Don’t Use a Damn .dmg!

As it stands today, I don’t see a good reason to ship your apps as a .dmg. I’ve been suspicious of disk images for a few years now; and usability tests show that people get confused by them.

Distribute your application as a single .app in a .zip archive. What possible use are other files besides the application? If a “Readme” file should be read before using the application, then show it when the application is first launched.

Installers are opaque and un-Mac like. There’s always a risk that they’ll install something that breaks the computer. As a developer I am even more suspicious of installers on the Mac, because I know how broken Apple’s installer tools are.

Of course, as a developer, I know that applications do sometimes need to install components. And here the best solution is for the application to check it’s environment and ask to install missing components as needed (in essence be it’s own installer). It’s more robust, since it detects-and-corrects missing or damaged components. It always preserves the user-facing abstraction that the icon is the application.

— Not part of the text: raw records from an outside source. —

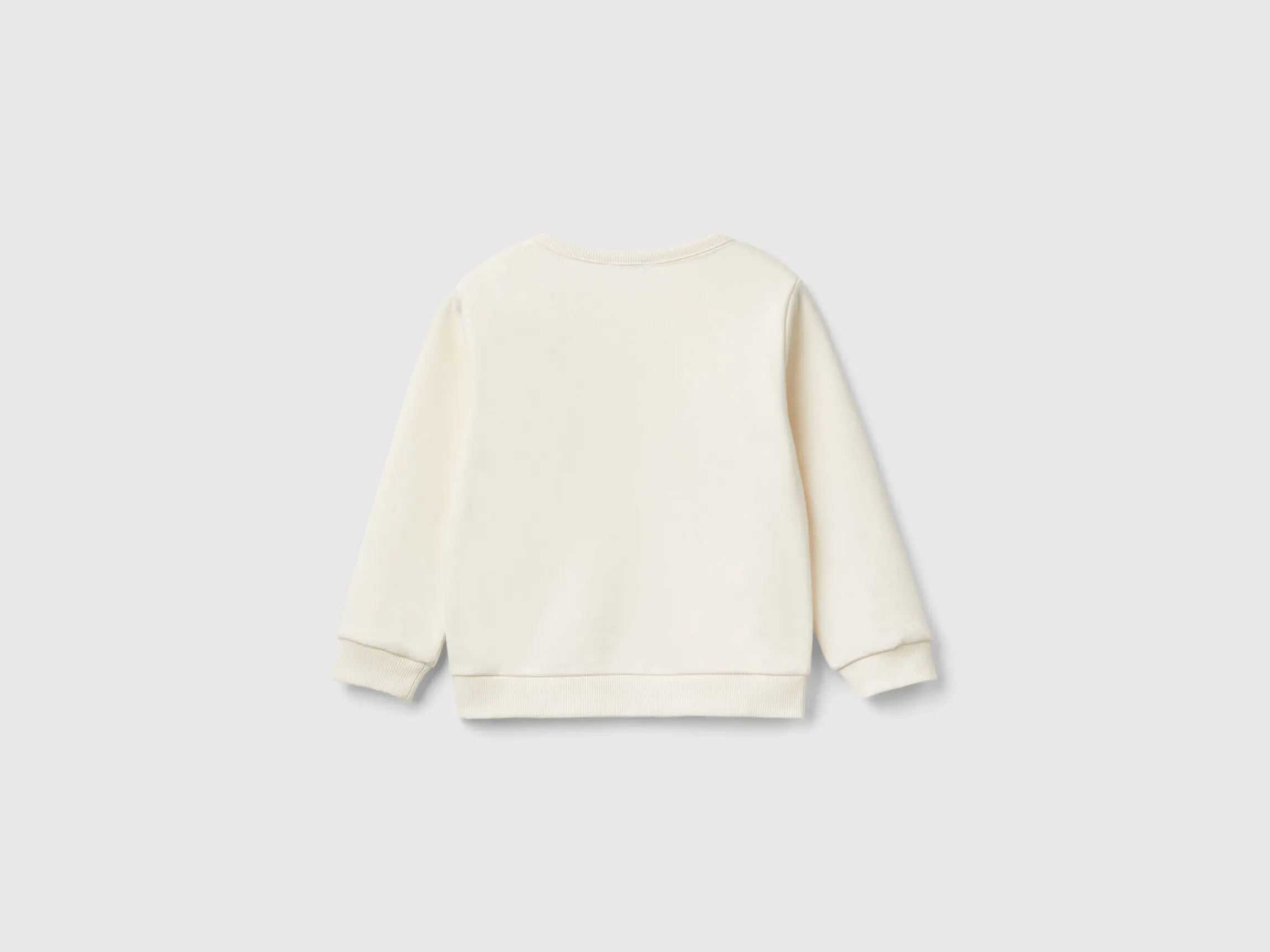 Pullover sweatshirt with glittery print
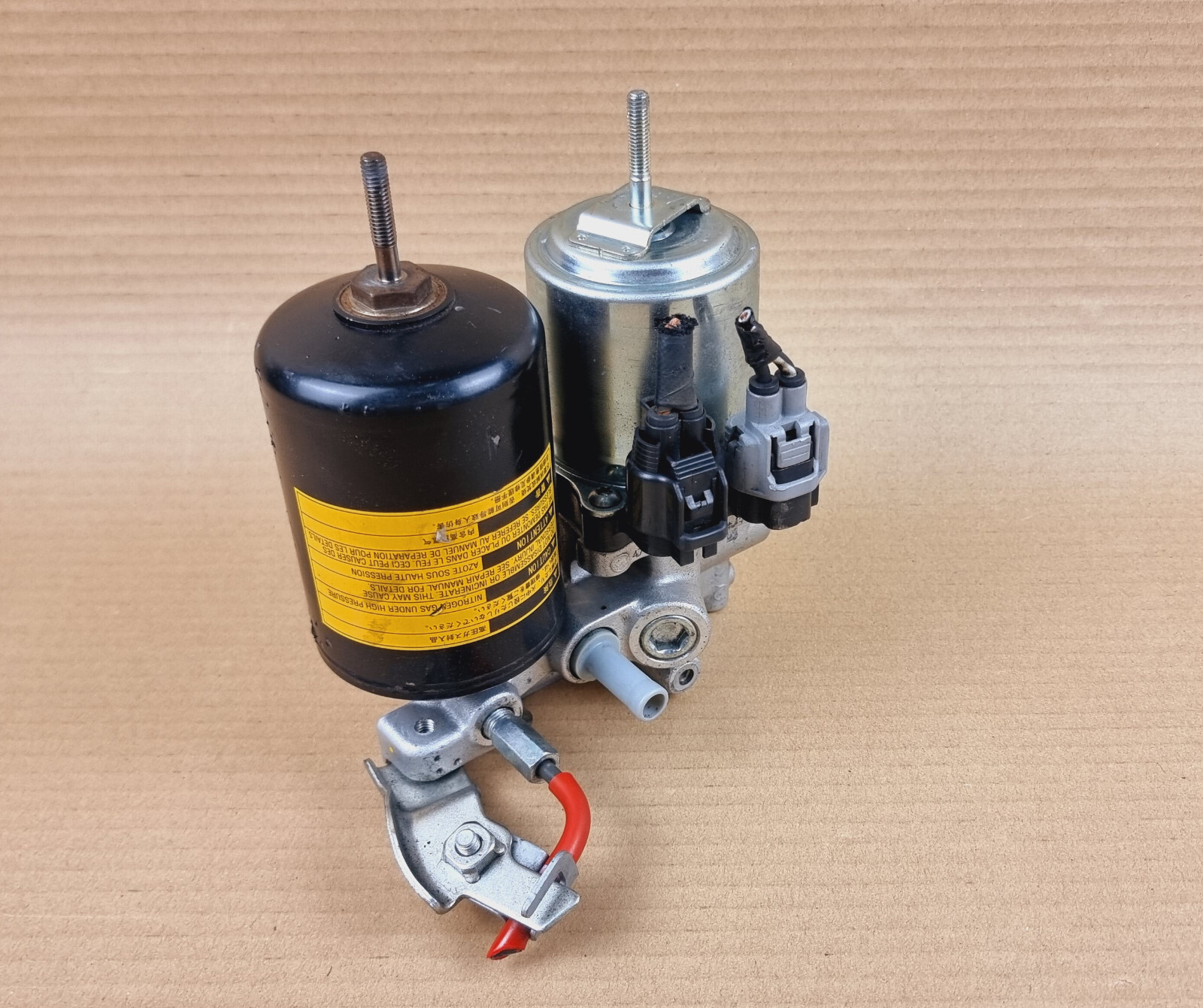 Toyota Prius 2010-2015 Anti lock Pump Assembly Brake booster 47070-47050 Oem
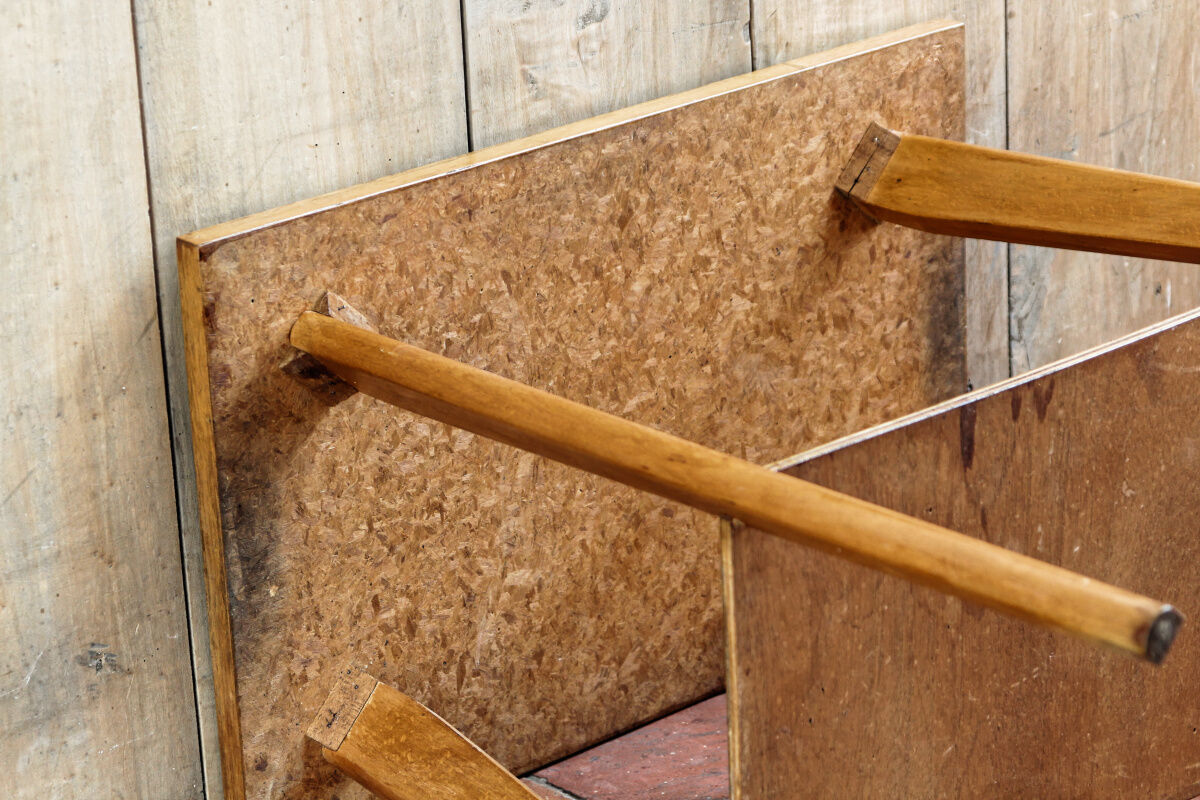 Desserte scandinave en bois pieds compas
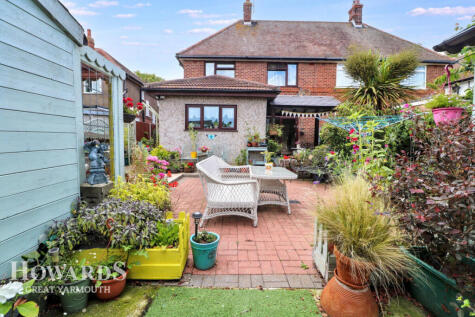 Lawn Avenue, Great Yarmouth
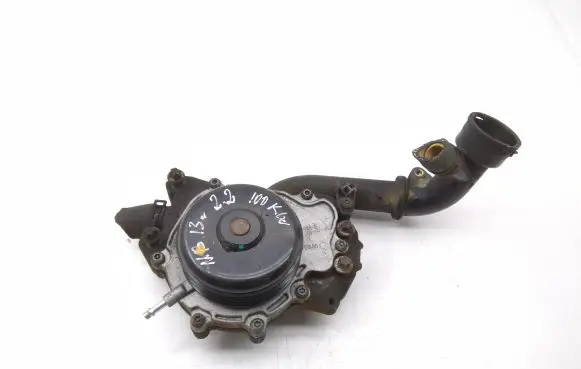 Mercedes-Benz C W204 Water pump 211061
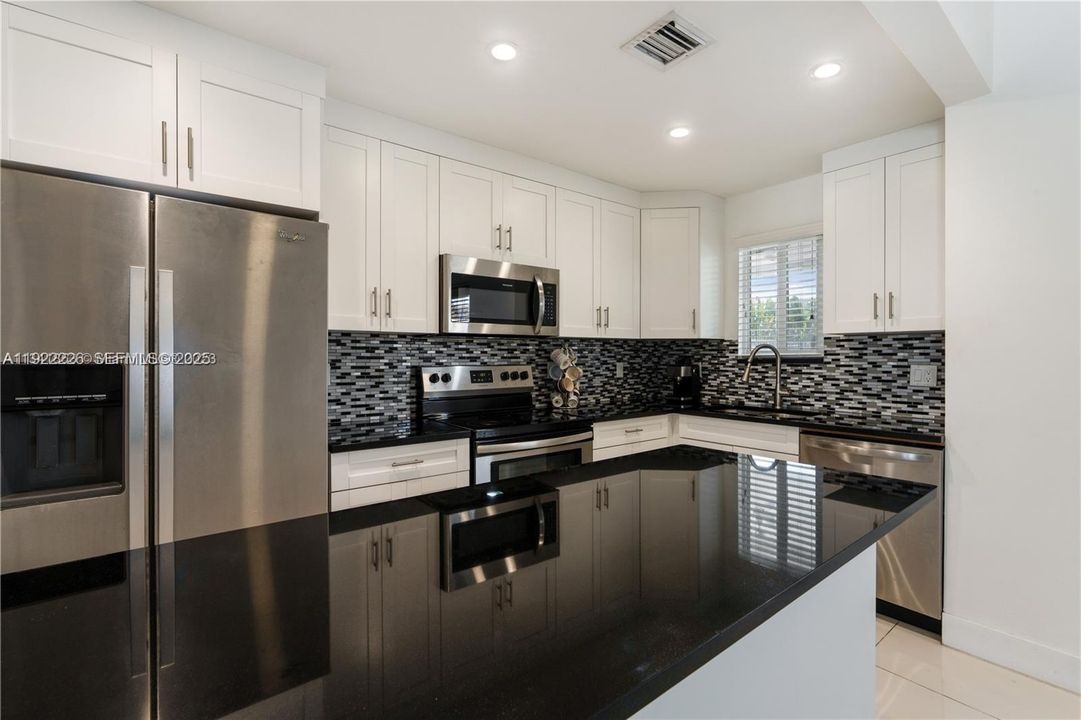 На продажу: $550,000 (4 спален, 3 ванн, 1476 Квадратных фут)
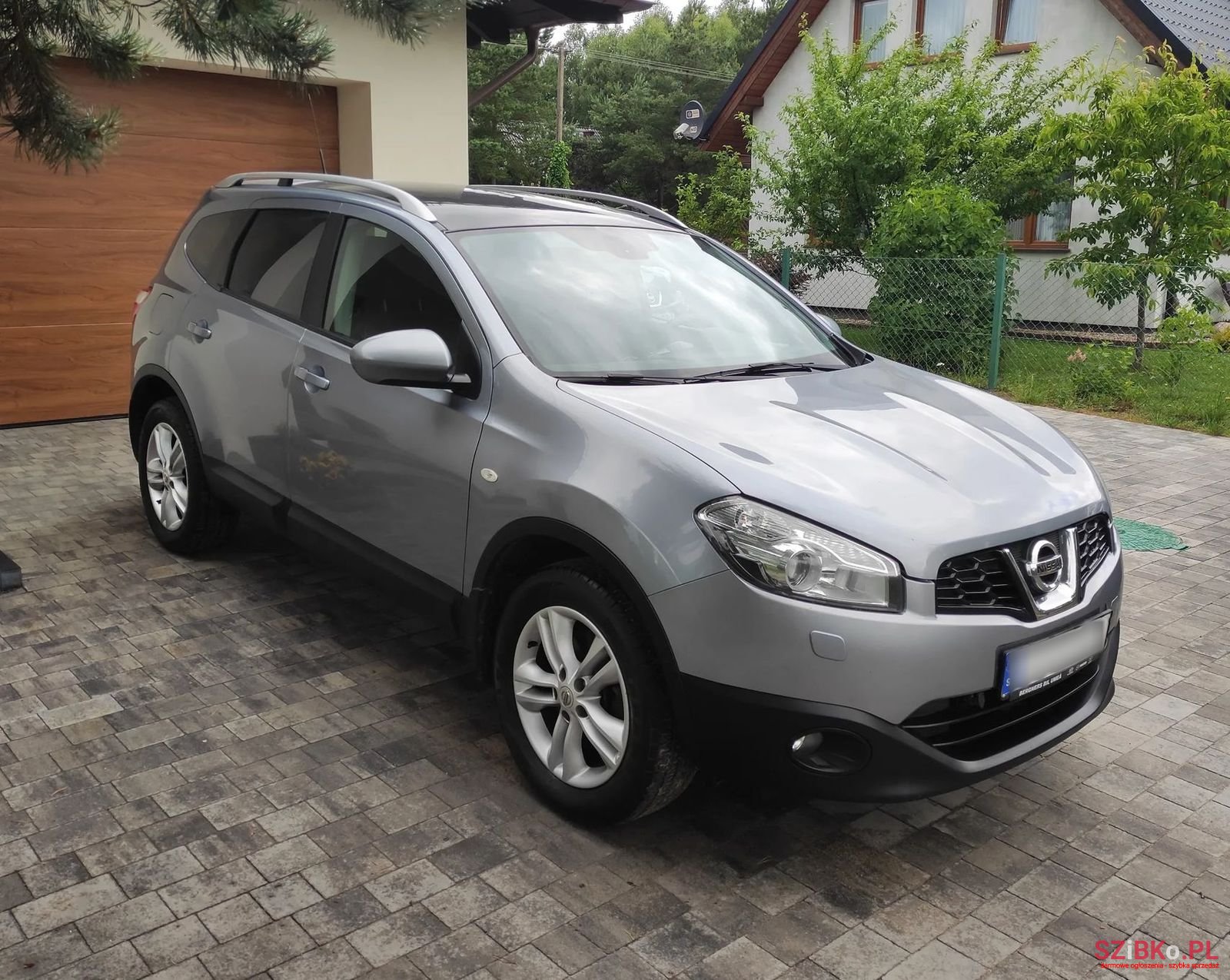 2011' Nissan Qashqai photo #2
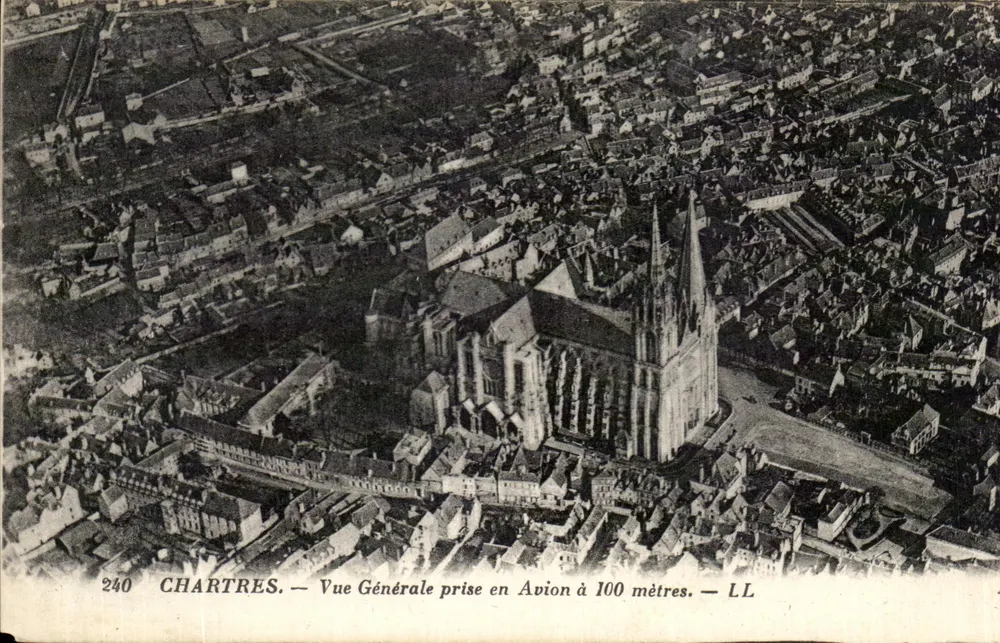Chartres — Allgemeiner Blick aus einem Flugzeug auf 100 Metern — LL - Vorderseite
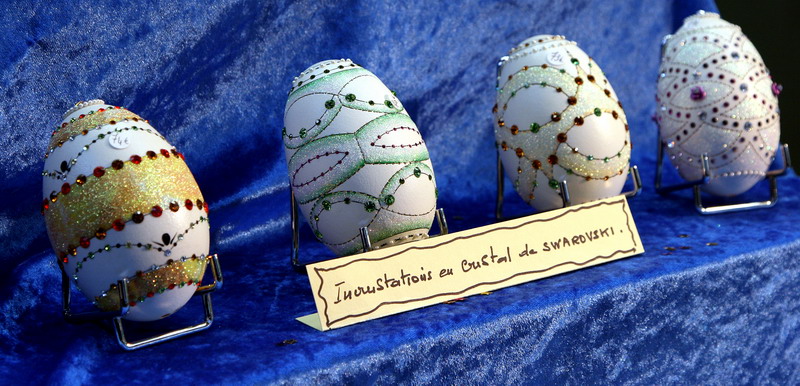 Oeufs ajours, incrusts de cristal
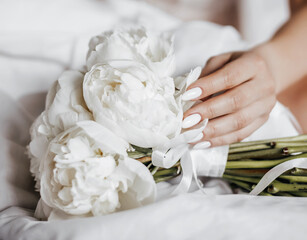 Fototapeta premium Girl bride holding a wedding bouquet of flowers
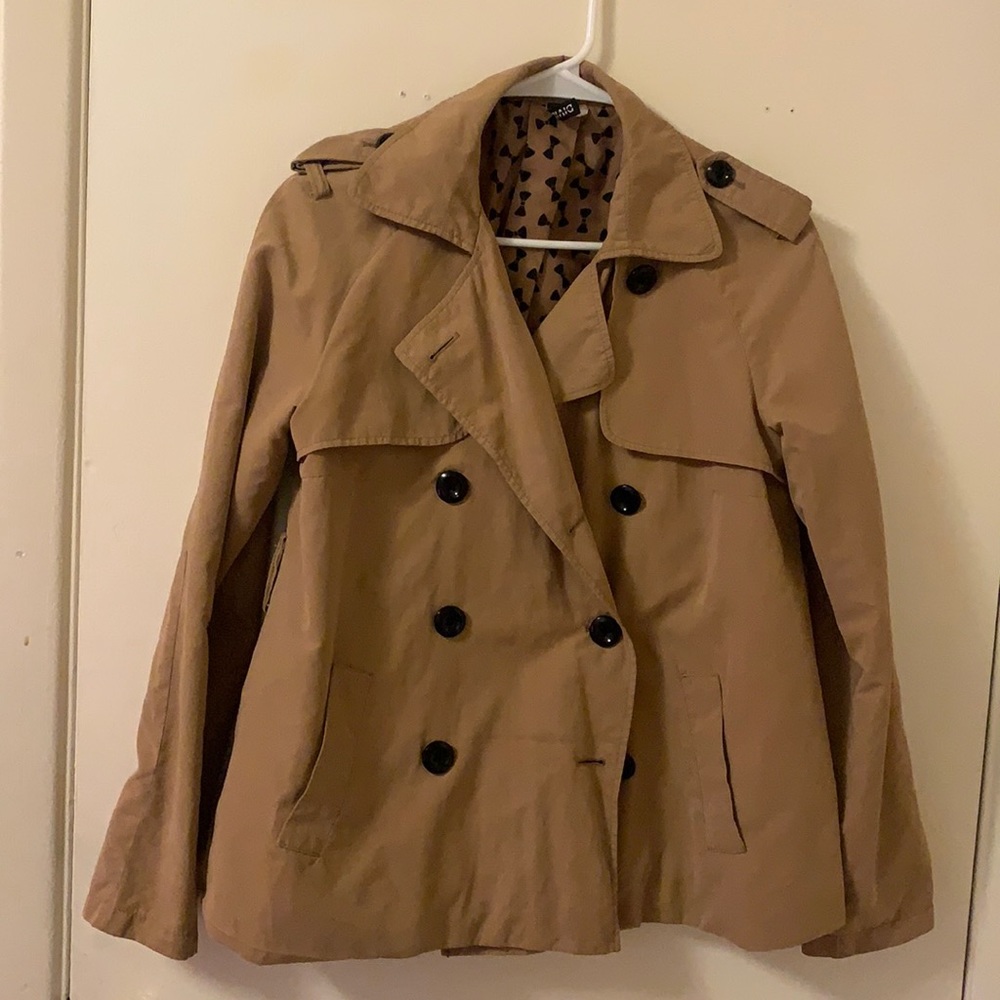 H&M Beige Cropped Utility Jacket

Applications shouldn’t install hacks dangerous enough to require a bundled user-facing unisntaller. To make IMLocation work, I had to install a background process — but I made it intelligent enough that it would uninstall itself if the main application had been deleted. Yes, this is more work, but it’s worth it.


1Another idea is to make Safari and Firefox smart enough to download applications directly into the right /Applications/ folder, bypassing the usual downloads folder. This elegantly solves the instillation problem, although it creates some new problems.

2Although it would be a cool hack to write.

3 Comments »

  1. With our Last.fm desktop software we had to install an iTunes plugin, Apple made it easy, we just copied the plugin bundle to the ~/Library/iTunes/iTunes Plugins directory when our app first loaded and iTunes would automatically load it.

    We also did as you did and made the plugin uninstall itself if the application is uninstalled.

    Seamless for the user, certainly more work for us, (it’s a lot easier with an installer as you know everything is set up before the application runs), but it felt great as an overall solution.

    Comment by Max Howell — September 22, 2009 @ 7:43 pm

  2. DMGs have one advantage, in that they checksum their contents on opening. So you can be sure your customer hasn’t received an app bundle that is corrupted and exhibits strange behaviour. Like once someone downloaded our windows installer and it was slightly corrupted in transit and none of the image files loaded, so the app looked plain and unusable. Very strange bug.

    With a zip this can happen still. Though honestly it’s much more likely the whole program won’t run. And secondly download corruption is pretty rare.

    Still, it’s nice to have that reassurance. But overall I agree with the zip method of distribution and use it for all my own stuff.

    Comment by Max Howell — September 22, 2009 @ 7:48 pm

  3. Max,

    I’m really glad to hear about the self-uninstall in the last.fm plugin! It’s good to know that other applications are able to do this. I talk tough, but the more I think about it, the more I suspect that many cases where you need an installer, a self-uninstall might not work.

    Good point that DMGs include a consistency check. I’m hoping that code signing might be able to provide this functionality someday, but there are other issues with signing, like complexity, and possibly ceding control to Apple.